*Requirement*
Please repeat the records exactly from their first line, finishing at the line containing "Damen Weite hochgeschnittene" and including it.

Saved entries
....

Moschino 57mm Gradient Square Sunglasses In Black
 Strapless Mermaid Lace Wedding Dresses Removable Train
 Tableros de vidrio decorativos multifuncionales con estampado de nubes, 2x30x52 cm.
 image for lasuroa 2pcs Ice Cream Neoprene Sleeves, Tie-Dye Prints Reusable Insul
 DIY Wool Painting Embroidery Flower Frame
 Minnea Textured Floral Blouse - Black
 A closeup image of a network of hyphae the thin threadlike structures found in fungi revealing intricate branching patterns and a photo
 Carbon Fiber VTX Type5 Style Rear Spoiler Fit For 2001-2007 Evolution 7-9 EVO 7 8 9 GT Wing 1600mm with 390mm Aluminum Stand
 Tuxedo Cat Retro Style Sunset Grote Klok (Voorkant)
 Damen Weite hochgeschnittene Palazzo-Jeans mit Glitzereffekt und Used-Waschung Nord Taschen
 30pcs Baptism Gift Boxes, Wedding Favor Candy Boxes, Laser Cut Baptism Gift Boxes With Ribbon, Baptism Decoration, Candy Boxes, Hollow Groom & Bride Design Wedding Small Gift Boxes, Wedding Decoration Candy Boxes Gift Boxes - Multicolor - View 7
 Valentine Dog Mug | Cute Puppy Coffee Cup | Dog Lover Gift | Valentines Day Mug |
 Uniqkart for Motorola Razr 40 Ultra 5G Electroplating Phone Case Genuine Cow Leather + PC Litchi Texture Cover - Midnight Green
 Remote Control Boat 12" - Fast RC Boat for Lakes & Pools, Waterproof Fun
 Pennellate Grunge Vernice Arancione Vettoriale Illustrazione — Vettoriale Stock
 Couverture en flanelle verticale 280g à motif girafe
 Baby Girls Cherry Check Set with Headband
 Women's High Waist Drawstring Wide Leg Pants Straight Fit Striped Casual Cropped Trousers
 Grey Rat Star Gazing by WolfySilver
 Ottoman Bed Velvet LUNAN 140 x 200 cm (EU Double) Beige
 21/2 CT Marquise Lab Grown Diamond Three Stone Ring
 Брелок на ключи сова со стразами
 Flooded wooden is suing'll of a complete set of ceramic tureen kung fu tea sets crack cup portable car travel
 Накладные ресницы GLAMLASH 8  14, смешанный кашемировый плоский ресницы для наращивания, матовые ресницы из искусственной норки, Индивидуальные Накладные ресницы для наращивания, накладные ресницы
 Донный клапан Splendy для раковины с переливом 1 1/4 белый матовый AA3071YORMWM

....

*Completed exercise*
Moschino 57mm Gradient Square Sunglasses In Black
 Strapless Mermaid Lace Wedding Dresses Removable Train
 Tableros de vidrio decorativos multifuncionales con estampado de nubes, 2x30x52 cm.
 image for lasuroa 2pcs Ice Cream Neoprene Sleeves, Tie-Dye Prints Reusable Insul
 DIY Wool Painting Embroidery Flower Frame
 Minnea Textured Floral Blouse - Black
 A closeup image of a network of hyphae the thin threadlike structures found in fungi revealing intricate branching patterns and a photo
 Carbon Fiber VTX Type5 Style Rear Spoiler Fit For 2001-2007 Evolution 7-9 EVO 7 8 9 GT Wing 1600mm with 390mm Aluminum Stand
 Tuxedo Cat Retro Style Sunset Grote Klok (Voorkant)
 Damen Weite hochgeschnittene Palazzo-Jeans mit Glitzereffekt und Used-Waschung Nord Taschen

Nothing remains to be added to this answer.